Exodus 20:3 (NIV) states, “You shall have no other gods before me.” Sometimes investors and managers place the value of money before the needs of their clients and the company. Investors must know the characteristics of which stocks have the potential for risk and return. High risk stocks can go either way, having a big payoff or causing investors to lose money. God expects his followers to only worship and glorify Him. We His followers begin to place the gods of materialism and net worth before Him, they are not representing His best image. Any business activities must be done to benefit all of society and Man should not be corrupted or exploited simply by making a profit.
Management and Dividend Decisions
Company managers are given a strong responsibility. They are depended on by the company to make profitable and appropriate decisions to enhance business activity. With that said, managers also hold a strong importance with investors, since their actions and decisions help influence decisions on investing with a company. For this reason, a naturally developed trust relationship occurs. Managers strive to enhance business activities for their investors, and investors put strong faith in manager capabilities that their finances will be entrusted and utilized in a mutually beneficial manner. Proverbs 27:17 states, “Iron sharpens iron, and one man sharpens another” (English Standard Version). One of those beneficial variables would be dividend consistency.
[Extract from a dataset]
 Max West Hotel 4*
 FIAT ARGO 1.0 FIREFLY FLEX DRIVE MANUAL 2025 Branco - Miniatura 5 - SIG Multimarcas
According to Brealey, Myers, and Marcus (2018) “Managers ‘smooth’ dividends and hate to cut them back. Dividends tend to follow the growth in long-run, sustainable earnings. Transitory fluctuations in earnings rarely affect dividend payouts” (p. 510). Companies, and their managers, strive to continually provide reassurance to their shareholders that managers are doing their best to maintain business stability and seeking gainful practices. Romans 15:4 states, “For whatever was written in former days was written for our instruction, that through endurance and through the encouragement of the Scriptures we might have hope” (ESV). They also do not want to give investors false hope by acting too prematurely. According to Chan, Powell, Shi, and Smith (2018) “Companies therefore increase dividends only in response to a permanent increase in earnings, not to a current rise in earnings if the dividend increase might subsequently have to be rescinded should the earnings rise note be permanent” (p. 127). Managers take the trust relationship between their company and its investors very seriously and work hard to present an honest dedication to their partners. Psalm 111:8 “They are established forever and ever, to be performed with faithfulness and uprightness” (ESV). Managers should concentrate on betterment while not rushing their approach, something such as an increased dividend return that will just be reverted back in a short-time can lead to investor indecisions, and potential drops in the market. According to Brealey, Myers, and Marcus (2018) “It is no surprise, therefore, to find that the announcement of a dividend increase prompts a small rise in the stock price and that a dividend cut results in a fall” (p. 510).
Conclusion
Finance professionals are faced with the difficult task making tough decisions that can help or hinder the company or individual whom they are working for “A successful investor is not the one who makes short-term huge profits but the one who sets the clear-cut investment objectives, decides the time and period of investment, studies the market, understands his risk taking ability along with the expected rate of return and also determines the major assets traded on the financial system” (Arora & Marwaha, 2014).
References
Arora, S., & Marwaha, K. (2014). Variables influencing preferences for stocks (high risk investment) vis-à-vis fixed deposits (low-risk investment). International Journal of Law and Management,56(4), 333-343. doi:10.1108/ijlma-07-2013-0032
Brealey, R. A., Myers, S. C., & Marcus, A. J. (2018). Fundamentals of corporate finance (9th ed.). New York, NY: McGraw-Hill.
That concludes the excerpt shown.